La crisis es lo más cercano a una refutación empírica del paradigma dominante que permite una ciencia social. La responsabilidad derivada de este fallo es enorme.
Una primera reacción aconsejable hacia fuera es la humildad. Debemos asumir que no entendemos bien cómo funcionan la economía y el sistema financiero. Admitir los errores y la limitación de nuestro conocimiento parece lo mínimo que merece el resto de la sociedad, que viene soportando desde hace años el tono arrogante con el que muchos economistas prescriben recetas a políticos democráticamente elegidos, trabajadores y empresas, así como la falta de explicación o de juicio crítico cuando las recetas fracasan.
Pero hacia dentro de la economía, la actitud debe ser muy diferente.
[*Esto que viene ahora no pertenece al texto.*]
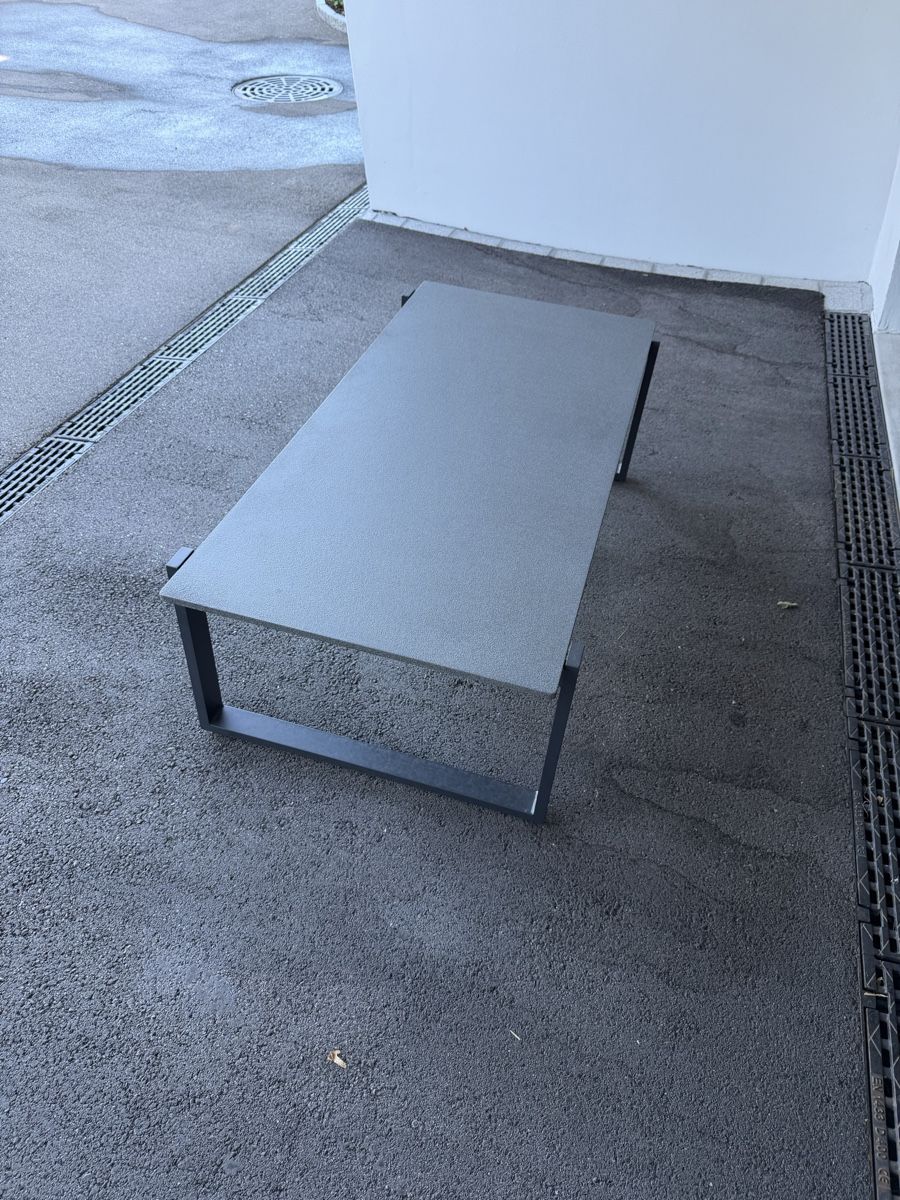 Tables: Lounge Tisch – D'occasion à Bronschhofen par Munggi69 2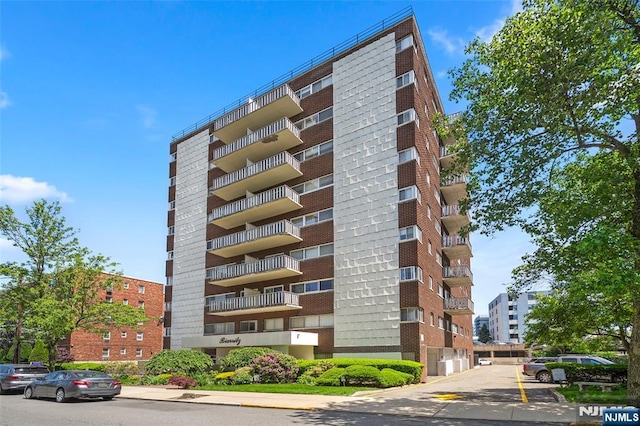 2180 Center 4B, Fort Lee, NJ 07024 - view of apartment building / complex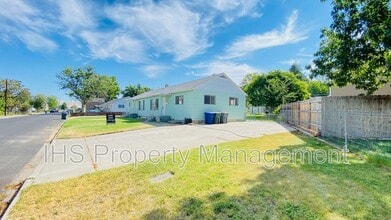 Building Photo - 504 Delafield Ave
Hay que trabajar por un cambio profundo en la disciplina. El debate actual se centra en el alcance de este cambio. Hay quien, como Paul Krugman, considera que no nos enfrentamos a un fallo conceptual, sino solo a un problema de miopía (los economistas no estábamos mirando al sitio adecuado), y a la adopción de políticas exóticas como la austeridad expansiva, alejadas de las recetas de la economía convencional.
Al contrario, la tesis central de este libro es que el fallo tiene raíces profundas y no se podrá remediar con reformas y refinamientos del paradigma vigente. Requiere una visión nueva que quizá precise de una revolución científica, en el sentido kuhniano, que alumbre un nuevo paradigma capaz de explicar el funcionamiento del sistema económico y financiero actual.
Las bases para este «paradigma alternativo» ya existen, asentadas en la sorprendente riqueza y lucidez de gran parte del pensamiento económico que no pertenece a la corriente central de la ciencia y que se nutre también de otras disciplinas como la psicología, la sociología o la biología.
Hay además algunos signos alentadores de cambio. Se aprecian síntomas que apuntan a que la economía puede haber entrado en un período de ciencia extraordinaria. Varios de los rasgos que Thomas Kuhn atribuía a este estado previo a una revolución se empiezan a observar: discusiones sobre el método, críticas explícitas al paradigma vigente, disposición a introducir cambios en los modelos convencionales...3 incluso los estudiantes universitarios están reclamando una aproximación distinta a la enseñanza de la economía.4
No obstante, el riesgo de inmovilismo es elevado. Tras el paréntesis de heterodoxia pragmática de los momentos más críticos, la visión dominante vuelve a inspirar los análisis y las recomendaciones, aunque ahora se vistan de otra manera para que no chirríen en exceso. La crisis del euro ha vuelto a evidenciar hasta qué punto las recetas derivadas de la ortodoxia chocan con la realidad de las economías y el daño que puede generar su aplicación.
El paradigma dominante es muy resistente y ejerce una gran capacidad de atracción.
El resultado de esta confrontación de ideas depende de los economistas, así como de la presión del resto de los ciudadanos para que la economía cumpla su función, entienda mejor su objeto y evite desastres como el que hemos vivido.